Of the four or five most memorable administrations of the century, it has been said, the great Conservative Government of Sir Robert Peel was undoubtedly one. It had to deal with a situation which required the exercise of its great talents. In foreign affairs, there was actual war with China, a prospective war with Afghanistan, relations strained almost to breaking-point with France, and boundary disputes with the United States. At home, there was in trade great depression; amongst the poor distress was universal, and one person in every eleven was a pauper; riot­ing and sedition were rife; and the national revenue had shown during the last five years a heavy deficit. How the foreign difficulties were overcome is related elsewhere (Chap. XLVIII). In domestic affairs, the first object of Peel's attention was the reorganization of national finance. He imposed an income tax of 7d. in the pound. This not only remedied the deficit, but enabled him to lessen the burden of the customs duties. Continuing the policy, of Huskisson, he - during his five years of office - reduced over a thousand of these duties and abolished over six hundred, and by so doing enabled the raw material for manufactures to be obtained far more cheaply and the cost of living to be reduced. This does not exhaust Peel's achievements in finance. By the Bank Charter Act of 1844 he reorganized the banking system of the country, and limited the issue of bank notes payable on demand, notes which in previous times bankers had been in the habit of circulating with dangerous profusion.

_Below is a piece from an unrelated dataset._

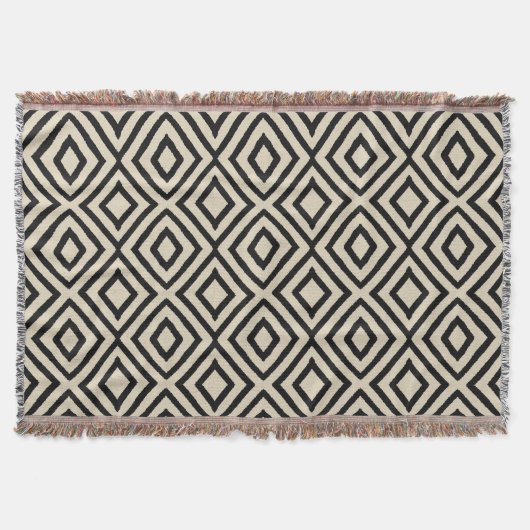 Geometrisches Schwarz & Creme Diamantmuster Decke (Vorderseite)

In company with many other prime ministers, Peel found Ireland a difficulty during his period of power. It is related elsewhere (Chap. XLVII) how Peel stifled the movement for the repeal of the Union under O'Connell, who was now in opposition to the Government. But Peel was not averse to Irish reforms. He made a grant towards the Roman Catholic College of Maynooth, and appointed a commission - known as the Devon Commission - to enquire into the Irish land question. Before, however, any legislation could be founded upon the report of this commission, a famine occurred in Ireland which was to cause not only the fall of Peel, but almost the destruction of the party which he led.

It will be remembered that after the great war with Napoleon was over, a law was passed prohibiting the importation of foreign corn until the price of corn at home had reached a certain height. Subsequently, in 1826, a sliding scale had been adopted whereby the duties on foreign corn varied with the price of corn at home. But gradually popular feeling was aroused against laws which made the price of bread so high. Since England's population had grown so big, it was no longer possible to grow enough corn at home cheaply, and bad seasons, therefore, were apt to cause much distress. In 1838 the Anti-Corn Law League was founded by some Manchester merchants. The League was fortunate in its two orators, Cobden and Bright, the one the son of a small Sussex farmer, and by profession a Lancashire calico printer, and the other the son of a Lancashire cotton spinner. Cobden had the power of stating a case with such clearness that the dullest and most ignorant could under­stand it, whilst Bright's chief strength lay in his power of pul­verizing the arguments of his opponents. These two, in Cobden's words, lived in public meetings, traversing Great Britain from end to end, proclaiming the doctrine of free trade, and exhorting the people to agitate for the abolition of the Corn Laws. Cobden was elected a member of the House of Commons in 1841, and Bright in 1843, and they, of course, proved a powerful reinforce­ment to the small band of free traders in that assembly.